Doch wenige Jahre nach Kriegsende waren in der jungen Bundesrepublik 100 sofort beziehbare Wohnungen für Richter ein ebenso schlagendes Argument wie ein repräsentativer Gerichtssitz. Große Glaskuppel, eindrucksvolles Treppenhaus und Neobarock-Fassade: Das Erbgroßherzogliche Palais überzeugte den damaligen Justizminister Thomas Dehler (FDP) bei einem Besuch.
Am 8. Oktober 1950 wurde der BGH in Karlsruhe mit einem Festakt eröffnet. Der erste Präsident hieß Hermann Weinkauff. Anfangs auch als „Traditionskompanie des Reichsgerichts“geschmäht und wegen unzureichender Auseinandersetzung mit der NS-Justiz kritisiert, hat sich Tausende Entscheidungen und acht Präsidenten später viel getan: Die Zahl der Richter stieg von 64 auf über 150, es gibt eine Dependance in Leipzig, und mit Bettina Limperg wird seit sechs Jahren die einstige Männerbastion von einer Präsidentin geführt.
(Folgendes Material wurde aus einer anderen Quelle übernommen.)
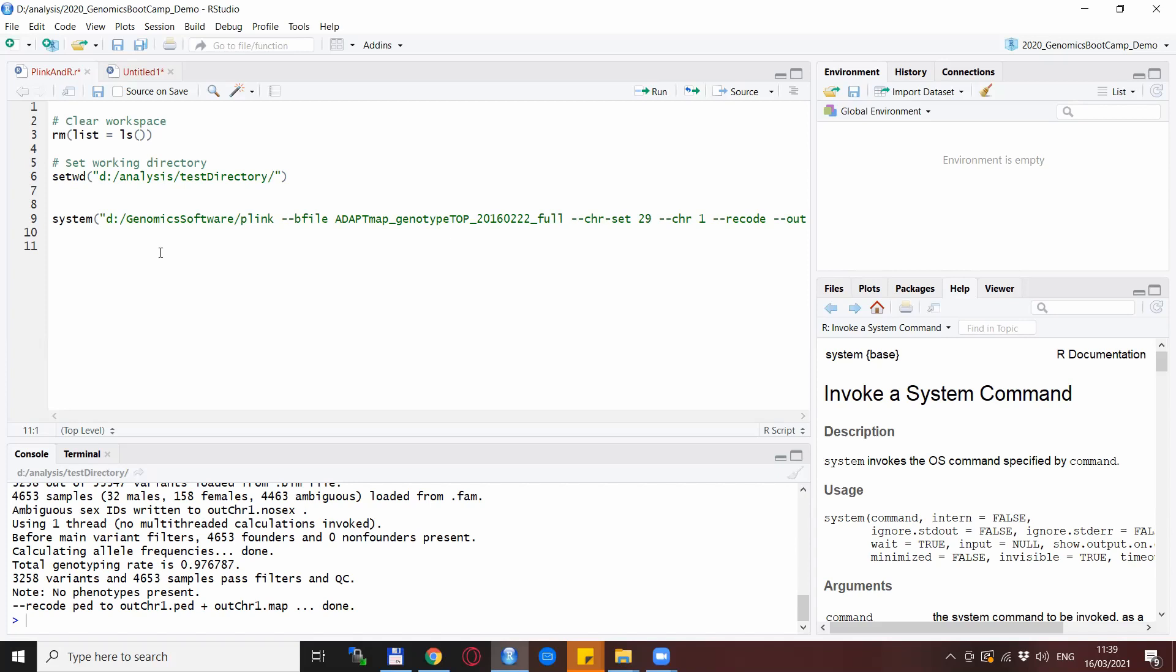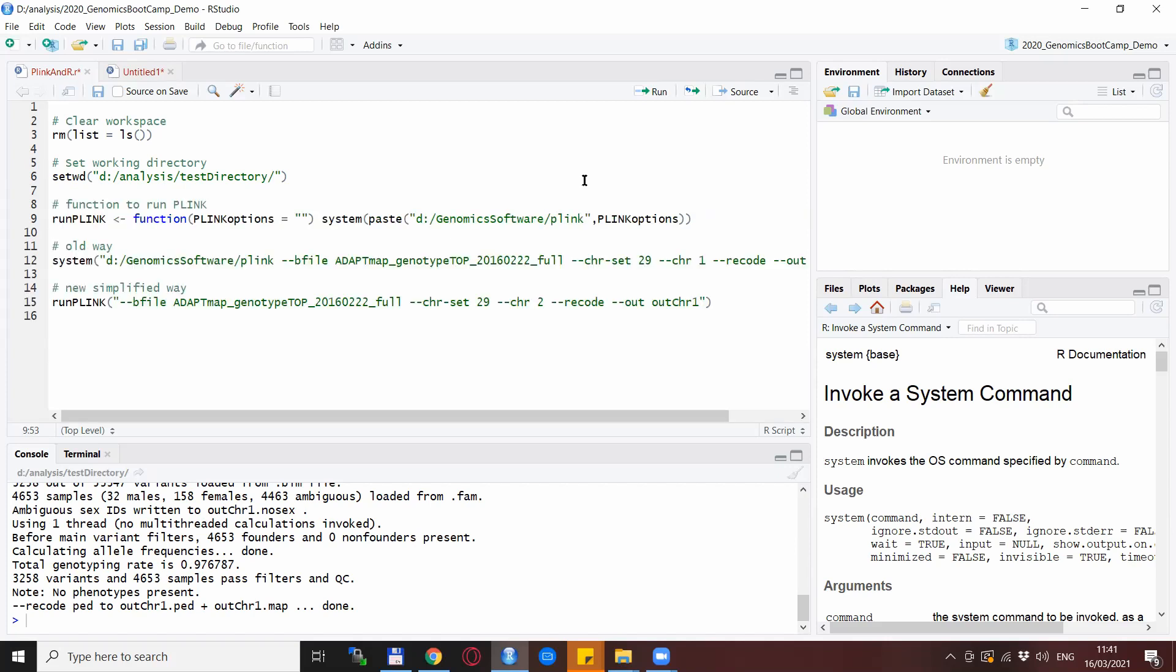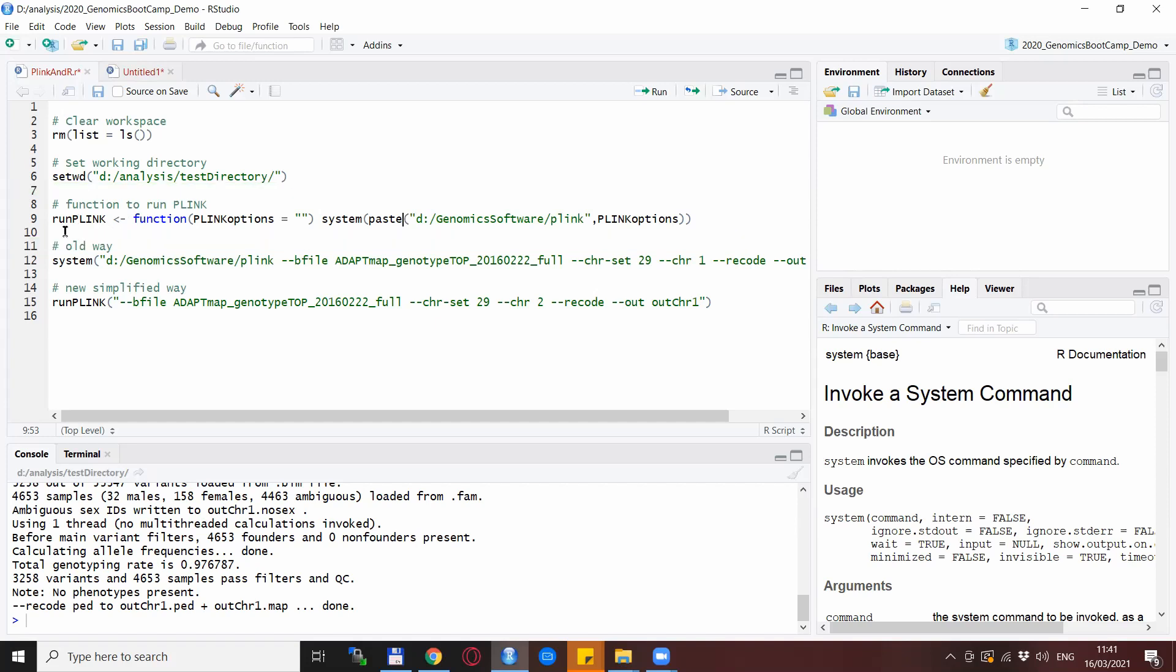But what you can do is write your own small function and I will show you how to do that. This takes care of this problem and also takes care of that problem that you basically don't need to specify the system command anymore. So we are back here with some update to the script and the crucial line is line number nine here with the function statement. This is basically a new function that will run Plink from the desired directory.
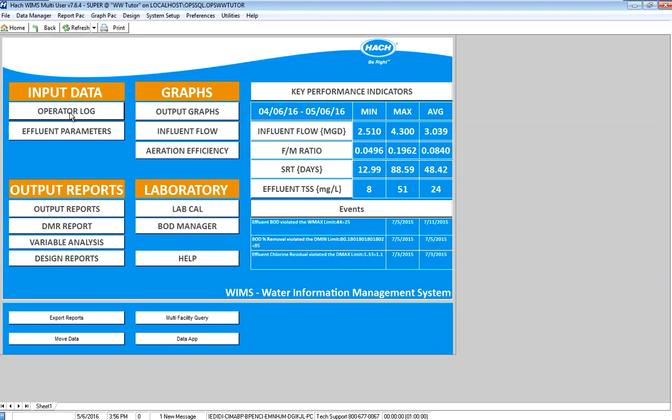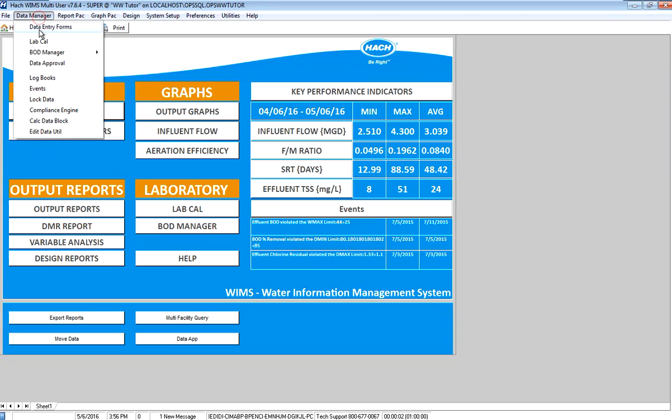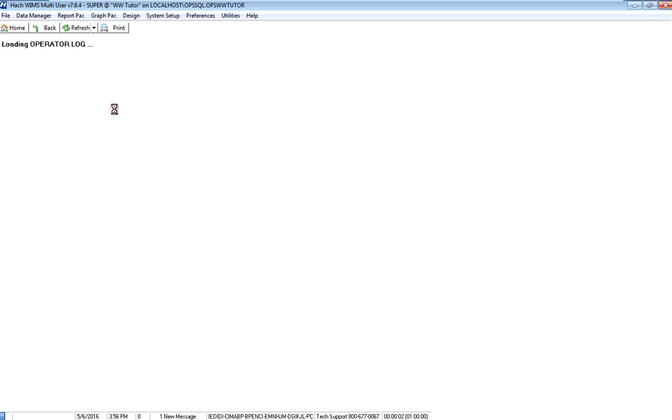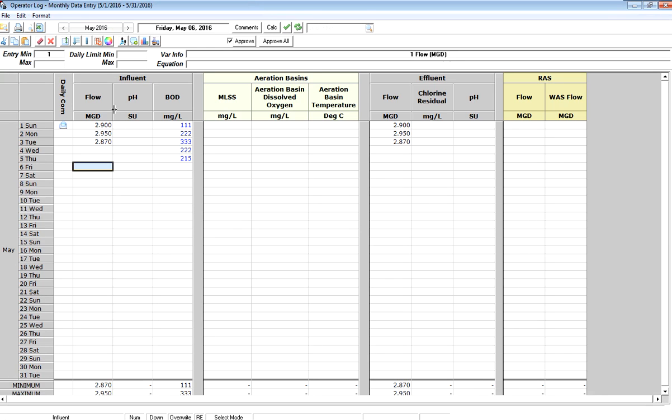I have a shortcut to my operator log monthly data entry form. I can also get to that form through the menu. In this case, I'll just use my shortcut on my dashboard and it's going to load up this form for the current month, which is May 2016.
Die Arbeitsbelastung wuchs, die Bedeutung auch. Mit spektakulären Fällen wie Raser-, Hells-Angelsoder Diesel-Verfahren stiehlt der Bundesgerichtshof selbst dem Bundesverfassungsgericht
zuweilen die Schau. „Der BGH hat sich zu einer hoch anerkannten Instanz entwickelt“, sagt Präsidentin Limperg. Auch in Europa – wenngleich der BGH häufig Entscheidungen des Europäischen Gerichtshofs berücksichtigen muss. Neben der Klärung von Grundsatzfragen, der Wahrung einer einheitlichen Rechtsordnung und der Fortentwicklung des Rechts sieht Limperg eine weitere wichtige Aufgabe des BGH: Das Vertrauen in den Rechtsstaat stärken.
Das Gericht bemüht sich mit klaren Urteilen und geführten Besuchen um Transparenz. Doch die RAF-Zeiten und die Ermordung von
Generalbundesanwalt Siegfried Buback am 7. April 1977 haben Spuren hinterlassen. Zwar erscheint der BGH seit dem Umzug der Bundesanwaltschaft in ein neues Gebäude im Jahr 1998 etwas weniger martialisch. Stark gesichert und abgeschottet ist das Areal aber nach wie vor. Und Generalbundesanwalt Peter
Frank ist ein paar Straßen weiter mit seinen 300 Mitarbeitern – darunter 110 Bundesanwälte – nun ganz hinter uneinsichtigen dicken Mauern verschanzt.
Schließlich verfolgt der oberste Ankläger der Republik terroristische Straftaten von Rechten, Linken sowie Islamisten. Neben Spionagesachen ermittelt er auch Völkerrechtsverbrechen in Ruanda und Syrien. Für den Generalbundesanwalt ist der 70. Jahrestag seiner Behörde untrennbar mit dem Jubiläum des Grundgesetzes verbunden: „Es ist das Fundament unserer freiheitlichen demokratischen Grundordnung. Sie ermöglicht es uns, jeden Tag aufs Neue in Freiheit zu leben. Wir verteidigen diese Freiheit, den Rechtsstaat und die Demokratie.“
Die Arbeit des obersten Terrorermittlers sowie des höchsten Zivilund Strafgerichts beleuchtete zum Jubiläum der SWR-Life-Talk im BGH näher. ARD-Rechtsexperte Frank Bräutigam sprach dabei mit BGHPräsidentin Limperg und Generalbundesanwalt Frank auch darüber, inwiefern Urteile aus Karlsruhe den Alltag der Menschen beeinflussen und inwieweit die Justiz im Internetzeitalter sich jungen Menschen öffnen muss. Gerade die sollen wissen: „Wir sitzen nicht im Elfenbeinturm, sondern stehen im Leben“, betont die BGH-Präsidentin.